Machine learning algorithms rely heavily on features to extract useful information from data. Feature engineering is the process of selecting and manipulating raw data to create new ones that better depict patterns and relationships present in it. One advanced feature engineering technique used is feature crossing.

What is Feature Crossing?

Feature crossing is a technique for creating new features by combining two or more existing ones in a dataset. In other words, it captures the interaction between these features. This approach works especially well when the relationship between them is nonlinear or individual elements are not enough to fully capture patterns present in data.

Feature crossing is the process of creating new features by multiplying or adding two or more existing ones. For instance, if we have two features A and B, then we can create C by multiplying A by B; that is, C = A*B. Alternatively, adding A to B results in D as D = A + B.

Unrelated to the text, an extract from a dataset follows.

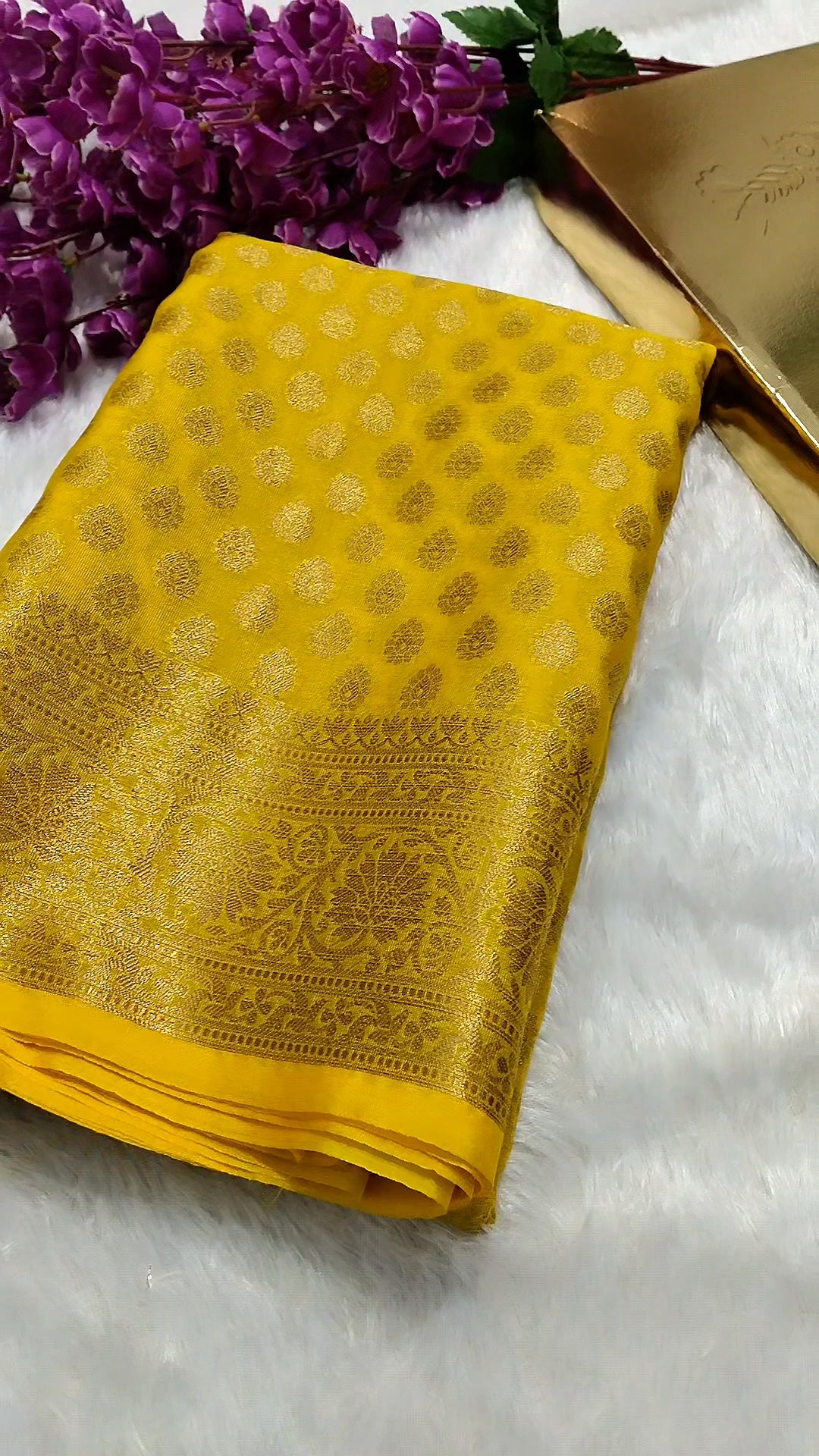 Yellow Colour Golden Zari Body Warm Silk Saree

Feature crossing can be performed on any number of features using any mathematical operation. The new features that result from feature crossing can then be fed into a machine learning algorithm just like their predecessors were used as input.

Why use Feature Crossing?

Feature crossing can be especially useful when individual features fail to capture patterns in data. For instance, a dataset with features representing age and income of individuals might reveal that these alone cannot accurately predict whether someone will purchase a given product; however, multiplying these two factors together yields an accurate predictor.

Furthermore, feature crossing can help visualize non-linear relationships between features. For instance, if we had a dataset with features representing temperature and humidity, the relationship might not be linear. However, if we created a new feature by multiplying temperature and humidity together, this new measure might be better at predicting some outcome.

How to Implement Feature Crossing?

To implement feature crossing, we must identify which features should be combined and with which mathematical operation. This can be accomplished through domain knowledge, trial-and-error methods, or automated feature selection algorithms.

Once we've identified the features to combine, we can generate new ones by applying our chosen mathematical operation. Finally, we incorporate both sets of features as input to a machine learning algorithm.

Examples of Feature Crossing

Let us illustrate feature crossing with an example: suppose we have a dataset with features representing individuals' age and income, along with a target variable showing whether they have purchased a product. On its own, these factors alone cannot predict whether someone will purchase the item; however, multiplying these two factors together produces an effective predictor of purchasing behavior.

Another example is a dataset with features representing temperature and humidity, along with a target variable that indicates whether rain will fall on any given day. We might observe that the relationship between temperature and humidity isn't linear; however, if we create a new feature by multiplying temperature and humidity together, this new indicator becomes better at predicting whether it will rain.

Explain Like I'm 5 (ELI5)

Machine learning uses feature crossing to create new ways of looking at old data in order to help computers find answers to questions. It's like mixing together your favorite foods to create something even better than the originals! By combining two or more pieces of information and applying some math, we can generate new data which is more helpful in answering our inquiries.